Во время переговоров с Риббентропом в Москве лишь Каганович из всех членов Политбюро не попадает в списки присутствовавших на приемах. «Очевидно, помешало неарийское происхождение», – выдвигает версию Рой Медведев. Но он же отмечает, что на прошедших в феврале XVIII Всесоюзной конференции ВКП(б) и VIII сессии Верховного Совета Каганович не только ни разу не выступил, но и не председательствовал ни на одном из заседаний. В президиуме он теперь сидел в заднем ряду, рядом со Сталиным не появлялся. Конференция приняла резолюцию «Об обновлении центральных органов ВКП(б)». В ней сообщалось о многочисленных перемещениях вверх и вниз по партийной линии, а также делались предупреждения нескольким «нерадивым» работникам. Из девяти пунктов лишь один имел персональный адрес и звучал так: «Предупредить т. Кагановича М.М. [брат Л.М. Кагановича. – В. В.], который, будучи наркомом авиационной промышленности, работал плохо, что если он не исправится и на новой работе, не выполнит поручений партии и правительства, то будет выведен из состава членов ЦК ВКП(б) и снят с руководящей работы».

«То был, несомненно, театральный жест, рассчитанный на рядовых, плохо осведомленных зрителей: и до, и после конференции руководитель любого уровня отправлялся на тот свет или, наоборот, изымался из лагерного ада без всяких резолюций и публикаций в печати, если почему-либо Хозяин решал не устраивать шума», – так объясняет Рой Медведев очевидную странность «персонального» пункта в резолюции.

Но «странности» на этом не закончились. На протяжении предвоенных месяцев подведомственная Кагановичу печать все реже именовала его сталинским наркомом, чаще – просто наркомом и даже еще проще – «тов. Л.М. Кагановичем». «Передовицы почти не цитировали его, в письмах трудящихся он почти не упоминался, – продолжает фиксировать „странности“ Рой Медведев. – В апреле 1941 года прошло совещание производственно-хозяйственного актива НКПС. Ни доклад Кагановича, ни изложение доклада, ни хотя бы портрет не были опубликованы, зато все остальные выступления (с портретами выступавших) публиковались в „Гудке“ в течение двух недель».

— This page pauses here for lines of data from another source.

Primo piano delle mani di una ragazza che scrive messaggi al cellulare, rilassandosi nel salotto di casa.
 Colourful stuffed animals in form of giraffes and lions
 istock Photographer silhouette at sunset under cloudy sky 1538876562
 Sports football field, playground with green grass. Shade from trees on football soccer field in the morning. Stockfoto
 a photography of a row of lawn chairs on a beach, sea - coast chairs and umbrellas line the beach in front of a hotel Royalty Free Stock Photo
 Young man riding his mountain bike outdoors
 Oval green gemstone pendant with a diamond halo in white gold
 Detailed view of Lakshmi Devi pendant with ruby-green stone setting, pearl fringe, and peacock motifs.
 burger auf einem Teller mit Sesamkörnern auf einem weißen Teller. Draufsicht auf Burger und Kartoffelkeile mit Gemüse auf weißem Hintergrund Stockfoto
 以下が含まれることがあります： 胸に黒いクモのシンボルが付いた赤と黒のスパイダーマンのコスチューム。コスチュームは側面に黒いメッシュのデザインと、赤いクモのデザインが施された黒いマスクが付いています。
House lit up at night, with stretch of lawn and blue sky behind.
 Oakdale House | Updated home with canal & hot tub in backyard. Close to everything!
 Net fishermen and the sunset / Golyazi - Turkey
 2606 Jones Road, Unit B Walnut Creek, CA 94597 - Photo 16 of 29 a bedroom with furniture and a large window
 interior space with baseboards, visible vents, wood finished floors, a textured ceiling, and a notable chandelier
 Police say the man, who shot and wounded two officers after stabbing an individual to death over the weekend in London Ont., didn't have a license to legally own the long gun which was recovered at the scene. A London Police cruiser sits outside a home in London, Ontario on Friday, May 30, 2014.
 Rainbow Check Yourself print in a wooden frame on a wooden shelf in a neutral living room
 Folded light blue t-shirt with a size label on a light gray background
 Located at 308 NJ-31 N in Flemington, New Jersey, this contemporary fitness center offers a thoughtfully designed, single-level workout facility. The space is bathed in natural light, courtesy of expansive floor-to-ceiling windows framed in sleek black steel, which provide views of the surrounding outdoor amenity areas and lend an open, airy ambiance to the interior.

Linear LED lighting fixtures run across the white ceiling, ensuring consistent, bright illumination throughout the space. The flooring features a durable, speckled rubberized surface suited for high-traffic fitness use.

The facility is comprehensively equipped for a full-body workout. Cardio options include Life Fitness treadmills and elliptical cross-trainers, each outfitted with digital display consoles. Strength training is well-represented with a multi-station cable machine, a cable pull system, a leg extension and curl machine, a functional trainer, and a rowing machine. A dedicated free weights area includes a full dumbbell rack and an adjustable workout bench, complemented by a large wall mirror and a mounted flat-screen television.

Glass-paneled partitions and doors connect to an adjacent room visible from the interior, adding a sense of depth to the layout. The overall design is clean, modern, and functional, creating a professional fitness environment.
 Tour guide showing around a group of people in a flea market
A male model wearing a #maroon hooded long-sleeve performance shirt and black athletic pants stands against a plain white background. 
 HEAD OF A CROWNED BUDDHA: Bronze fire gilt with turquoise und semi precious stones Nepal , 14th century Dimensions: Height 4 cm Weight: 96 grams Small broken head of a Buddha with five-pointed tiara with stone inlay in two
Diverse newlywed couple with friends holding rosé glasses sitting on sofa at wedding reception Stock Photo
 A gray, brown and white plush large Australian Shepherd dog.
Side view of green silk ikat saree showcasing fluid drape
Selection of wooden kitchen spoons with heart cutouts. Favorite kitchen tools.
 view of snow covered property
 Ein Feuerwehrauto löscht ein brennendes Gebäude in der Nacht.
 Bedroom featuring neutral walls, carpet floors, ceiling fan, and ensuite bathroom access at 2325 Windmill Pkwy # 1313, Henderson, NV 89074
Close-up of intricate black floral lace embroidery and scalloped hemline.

Что все это значило для Кагановича и как сложилась бы его дальнейшая судьба, сейчас можно только гадать. А в те дни аппаратные игры отошли на второй план. Стало не до них: началась война.

«Гитлер поступил как империалист. Они нападают первыми»

В ночь на 22 июня 1941 года Каганович участвовал в экстренном заседании Политбюро. Читаем беседу Чуева с Кагановичем о событиях той ночи:

«– Был ли Сталин растерян? Говорят, никого не принимал?

– Ложь! Мы-то у него были… Нас принимал. Ночью мы собрались у Сталина, когда Молотов принимал Шуленбурга. Сталин каждому из нас сразу же дал задание – мне по транспорту, Микояну – по снабжению. И транспорт был готов! Перевезти пятнадцать-двадцать миллионов человек, заводы… Сталин работал. Конечно, это было неожиданно. Он думал, что англо-американские противоречия с Германией станут глубже и ему удастся еще на некоторый срок оттянуть войну. Так что я не считаю, что это был просчет. Нам нельзя было поддаваться на провокации. Можно сказать, что он переосторожничал. Но и иначе нельзя было в то время. А сейчас если начнется? Я сначала думал, что Сталин считал, когда только началась война, что, может, ему удастся договориться дипломатическим путем. Молотов сказал: „Нет“. Это была война, и тут уже сделать было ничего нельзя.